# Exercise
Return exactly those lines of the material below that fall between the line holding "Vintage Moroccan Tagine" and the line holding "Prag Bar Taburesi", inclusive.

# Exercise data

■ ■ ■

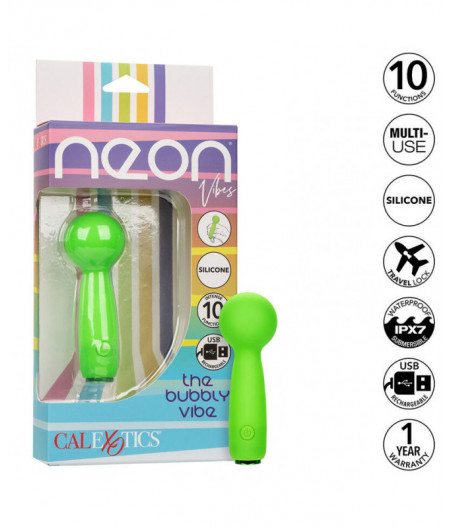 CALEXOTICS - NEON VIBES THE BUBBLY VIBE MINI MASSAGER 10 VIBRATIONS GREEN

■ ■ ■

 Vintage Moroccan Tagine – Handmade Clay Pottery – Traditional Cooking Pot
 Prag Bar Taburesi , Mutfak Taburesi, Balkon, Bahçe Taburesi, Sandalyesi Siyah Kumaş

■ ■ ■

# Task answer
 Vintage Moroccan Tagine – Handmade Clay Pottery – Traditional Cooking Pot
 Prag Bar Taburesi , Mutfak Taburesi, Balkon, Bahçe Taburesi, Sandalyesi Siyah Kumaş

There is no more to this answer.